All tools support `--json` for machine output. Health scorer and regression tracker return exit code 1 on failure (CI-friendly).

---

## Workflow 1: Full Application QA Sweep (11 Phases)

**Phase 1-2: Pre-flight and authentication.**
- Verify `git status` is clean. Abort if dirty.
- Create session directory: `.qa-sessions/{timestamp}/`
- Authenticate via Chrome MCP if needed.

**Phase 3-4: Orient and explore.**
- Use `mcp__claude-in-chrome__read_page` to build sitemap/page map.
- Navigate each route. Check `read_console_messages` for errors, `read_network_requests` for 4xx/5xx.
- Test all forms with valid data, empty submissions, and boundary values.

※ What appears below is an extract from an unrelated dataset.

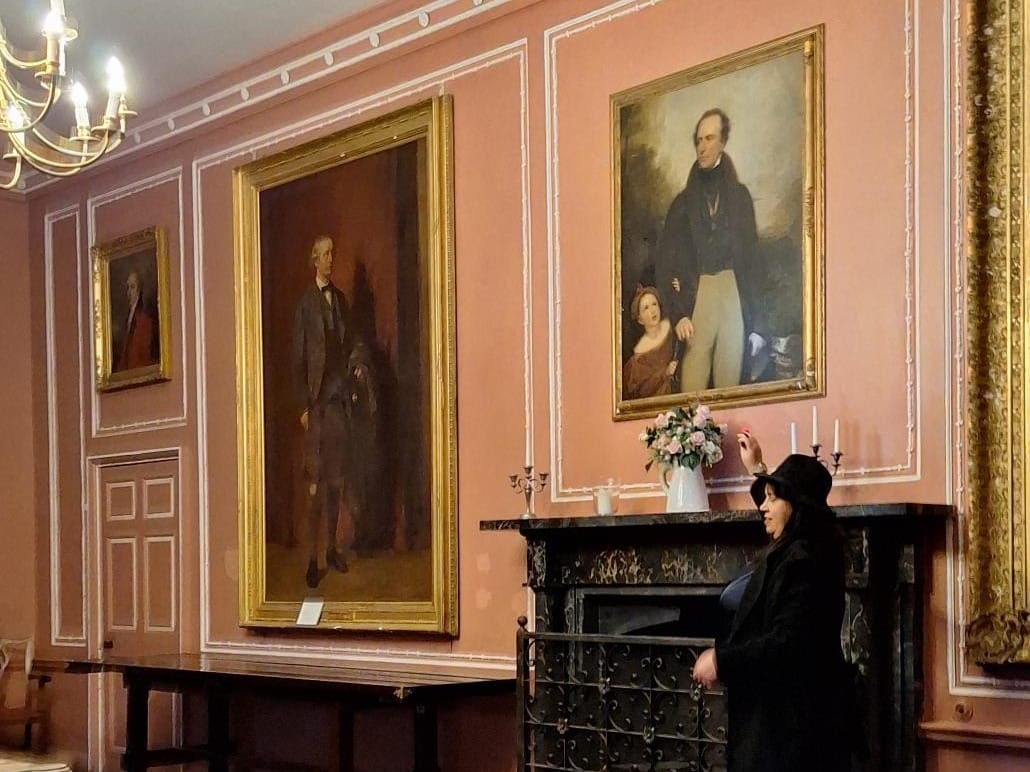 Lynne standing next to the fireplace in the Pink Room. There are large portraits on the wall. 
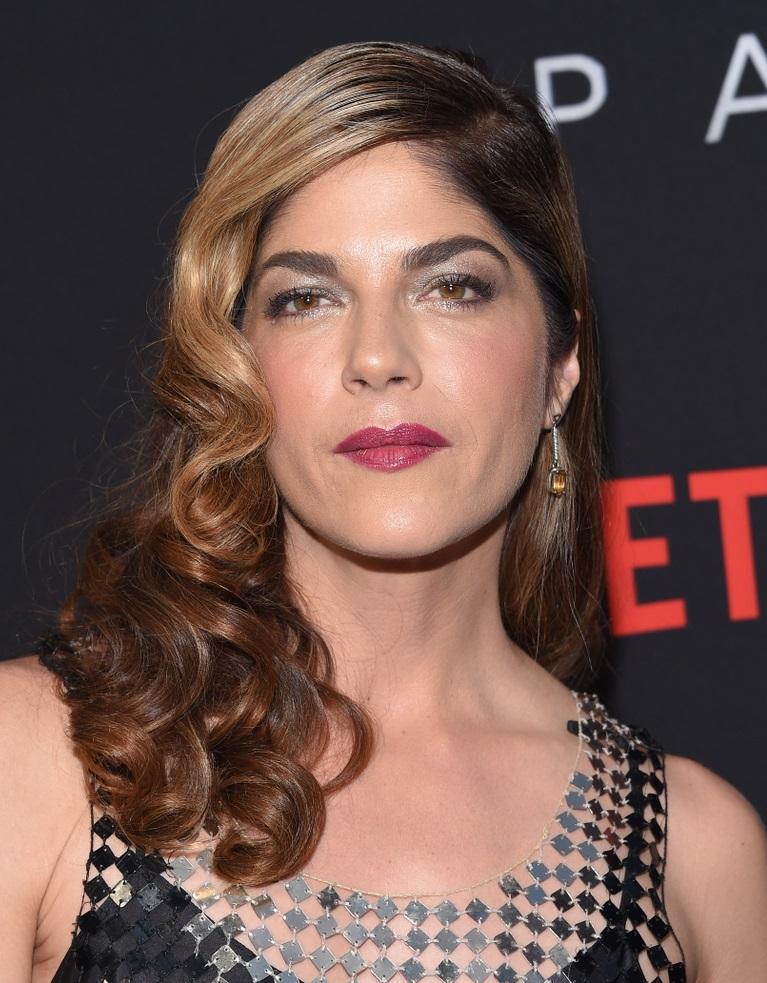 A atriz Selma Blair de frente. Ela está maquiada e usa um vestido preto em transparência e com lantejoulas.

**Phase 5: State testing.**
- Verify loading states (skeleton screens, not blank), empty states (guides to first action), error states, success states, partial states.
- **Four shadow paths per interaction:** happy path, nil input, empty input, error upstream.

**Phase 6: Cross-device and security.**
- Resize to 320px, 768px, 1024px, 1440px, 1920px.
- Check touch targets (44x44px min), layout shifts.
- Verify security headers (CSP, HSTS, X-Frame-Options), cookie flags.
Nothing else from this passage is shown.